In other news, we are on a low-tech binge:  we are clearing our 300-metre long driveway with only an ordinary snow shovel; we are chopping our own wood and splitting it with an ax and we are avoiding unnecessary car trips.  All this makes the world seem big again.  It is what an extreme version of post-peak oil might be like, one that we are choosing to live, which can be rewarding and at the same time, feel very masochistic.  I don't know much about peak oil scenarios, what they could be and what they most likely will be, but energy costs are in the news a lot lately and so is climate change.  I guess that either energy becomes so expensive that we all learn new ways of living, or oil remains cheap and places like the Maldives and the countless other much more heavily populated places near sea level will be submerged and Canada's security costs will rise.  Either way, it will be expensive and we will feel it slowly happening but no one will say:  "Starting this year, we can officially say we are in a peak oil condition."

If you live in the country and you are neither in a supply-managed industry, nor on a good pension, nor gainfully employed, you learn to be frugal.  Ideally, this makes you more resourceful and more ready for a tougher future, if you believe that is where we are headed.  But speaking with a friend who is also a farmer, also frugal and of limited financial means and also interested in the impacts that runaway energy consumption have on our lives, it was agreed that while being "on the land" can position a person to be better equipped to live with scarcity, and living simply can be satisfying, the only people prepared for calamities like power shortages or famines or natural disaster are those for whom survivalism is a hobby, something they revel in. 

These would be the people who are skilled with knives and ropes; who have created bomb-proof spaces on their properties and set up traps to ensnare trespassers.  They would be the kinds of people who would raise animals and slaughter them without anyone's help.  Very few of us are prepared for a world where big industry can't meet most of our needs, including myself and most of the people I know.

We had a trained butcher do our slaughtering:  quickly and efficiently but with due care.  Propane was running low on the scalder and our butcher just barely managed to get through without running out.
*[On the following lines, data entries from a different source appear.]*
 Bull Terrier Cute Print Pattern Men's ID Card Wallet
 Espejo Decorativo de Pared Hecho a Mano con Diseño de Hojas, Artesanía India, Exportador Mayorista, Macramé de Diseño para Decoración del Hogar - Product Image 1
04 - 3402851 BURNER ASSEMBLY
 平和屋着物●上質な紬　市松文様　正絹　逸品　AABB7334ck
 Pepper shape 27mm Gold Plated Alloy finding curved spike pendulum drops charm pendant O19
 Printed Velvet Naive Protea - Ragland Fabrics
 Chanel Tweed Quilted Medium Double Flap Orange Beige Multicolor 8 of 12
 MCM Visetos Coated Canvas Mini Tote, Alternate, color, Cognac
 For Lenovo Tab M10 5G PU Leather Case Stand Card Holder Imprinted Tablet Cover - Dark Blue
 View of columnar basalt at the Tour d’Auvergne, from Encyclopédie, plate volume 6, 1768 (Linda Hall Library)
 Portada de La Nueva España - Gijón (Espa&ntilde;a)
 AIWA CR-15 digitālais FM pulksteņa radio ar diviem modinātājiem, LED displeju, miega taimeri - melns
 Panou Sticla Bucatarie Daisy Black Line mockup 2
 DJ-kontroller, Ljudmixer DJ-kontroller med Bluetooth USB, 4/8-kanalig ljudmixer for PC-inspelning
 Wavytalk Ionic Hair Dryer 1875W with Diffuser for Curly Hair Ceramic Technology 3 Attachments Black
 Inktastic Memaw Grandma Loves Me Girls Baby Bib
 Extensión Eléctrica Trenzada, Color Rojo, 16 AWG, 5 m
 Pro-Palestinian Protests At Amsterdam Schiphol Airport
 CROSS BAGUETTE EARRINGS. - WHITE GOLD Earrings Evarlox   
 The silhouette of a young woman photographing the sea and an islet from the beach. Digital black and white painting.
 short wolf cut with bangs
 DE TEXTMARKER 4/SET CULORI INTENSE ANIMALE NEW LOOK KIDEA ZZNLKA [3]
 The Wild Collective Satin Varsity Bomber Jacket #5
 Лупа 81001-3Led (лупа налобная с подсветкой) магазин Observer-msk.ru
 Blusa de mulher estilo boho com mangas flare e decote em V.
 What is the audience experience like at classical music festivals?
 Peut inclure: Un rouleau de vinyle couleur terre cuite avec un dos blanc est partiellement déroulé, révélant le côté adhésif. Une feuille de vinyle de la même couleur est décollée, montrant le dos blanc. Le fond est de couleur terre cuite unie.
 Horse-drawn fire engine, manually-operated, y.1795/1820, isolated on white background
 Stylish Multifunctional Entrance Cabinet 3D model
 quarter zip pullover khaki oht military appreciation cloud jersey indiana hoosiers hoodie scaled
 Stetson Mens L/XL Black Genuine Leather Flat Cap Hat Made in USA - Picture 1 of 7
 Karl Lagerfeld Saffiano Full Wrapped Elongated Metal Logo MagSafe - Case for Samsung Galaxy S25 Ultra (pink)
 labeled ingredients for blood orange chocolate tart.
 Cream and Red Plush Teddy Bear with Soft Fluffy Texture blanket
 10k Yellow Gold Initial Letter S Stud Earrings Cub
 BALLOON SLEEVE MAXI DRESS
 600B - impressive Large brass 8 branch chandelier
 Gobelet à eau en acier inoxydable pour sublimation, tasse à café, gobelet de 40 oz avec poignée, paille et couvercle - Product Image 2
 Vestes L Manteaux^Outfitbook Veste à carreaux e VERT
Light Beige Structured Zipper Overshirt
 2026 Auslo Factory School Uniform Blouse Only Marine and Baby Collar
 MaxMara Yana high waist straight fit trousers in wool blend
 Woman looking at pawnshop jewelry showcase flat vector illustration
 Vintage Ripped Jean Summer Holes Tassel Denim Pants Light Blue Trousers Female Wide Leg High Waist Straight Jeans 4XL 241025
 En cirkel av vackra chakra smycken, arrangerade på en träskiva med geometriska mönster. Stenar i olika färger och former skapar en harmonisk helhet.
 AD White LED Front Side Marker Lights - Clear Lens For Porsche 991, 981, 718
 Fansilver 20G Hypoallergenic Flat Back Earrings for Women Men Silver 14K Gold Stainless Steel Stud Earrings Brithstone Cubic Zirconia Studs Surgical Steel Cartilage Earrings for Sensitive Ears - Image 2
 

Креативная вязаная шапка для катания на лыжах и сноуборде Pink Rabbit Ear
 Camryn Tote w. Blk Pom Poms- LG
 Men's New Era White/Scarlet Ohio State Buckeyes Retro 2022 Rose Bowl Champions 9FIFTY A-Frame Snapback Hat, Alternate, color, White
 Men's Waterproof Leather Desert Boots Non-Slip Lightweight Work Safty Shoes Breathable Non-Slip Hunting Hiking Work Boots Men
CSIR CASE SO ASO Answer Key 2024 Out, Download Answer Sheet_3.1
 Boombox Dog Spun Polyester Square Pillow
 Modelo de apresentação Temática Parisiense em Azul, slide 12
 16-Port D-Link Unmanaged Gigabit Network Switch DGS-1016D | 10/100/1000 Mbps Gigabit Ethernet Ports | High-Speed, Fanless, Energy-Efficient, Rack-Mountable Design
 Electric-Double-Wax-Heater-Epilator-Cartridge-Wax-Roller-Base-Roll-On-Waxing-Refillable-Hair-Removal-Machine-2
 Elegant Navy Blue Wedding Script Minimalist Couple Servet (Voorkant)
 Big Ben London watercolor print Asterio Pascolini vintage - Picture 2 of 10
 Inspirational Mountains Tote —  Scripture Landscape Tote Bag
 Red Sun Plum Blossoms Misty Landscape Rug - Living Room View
If he'd had to come back the next day, he wouldn't have made it to our yard since we got a massive snowfall that night.  We were lucky.  I helped put them in the cones and watched decapitation after decapitation, which was not traumatising, but also not pleasant.  I can stomach chicken slaughter, and I can clear my 300-metre long driveway by hand, but I am not on a path to self-reliance and a rejection of the world that seems to be extinguishing itself.  I do, however, find it exciting to pare back some of the complacency I grew up with regarding food, housing, and travel, all of the things that require substantial energy inputs which, when the world is moving so fast, are so easily taken for granted.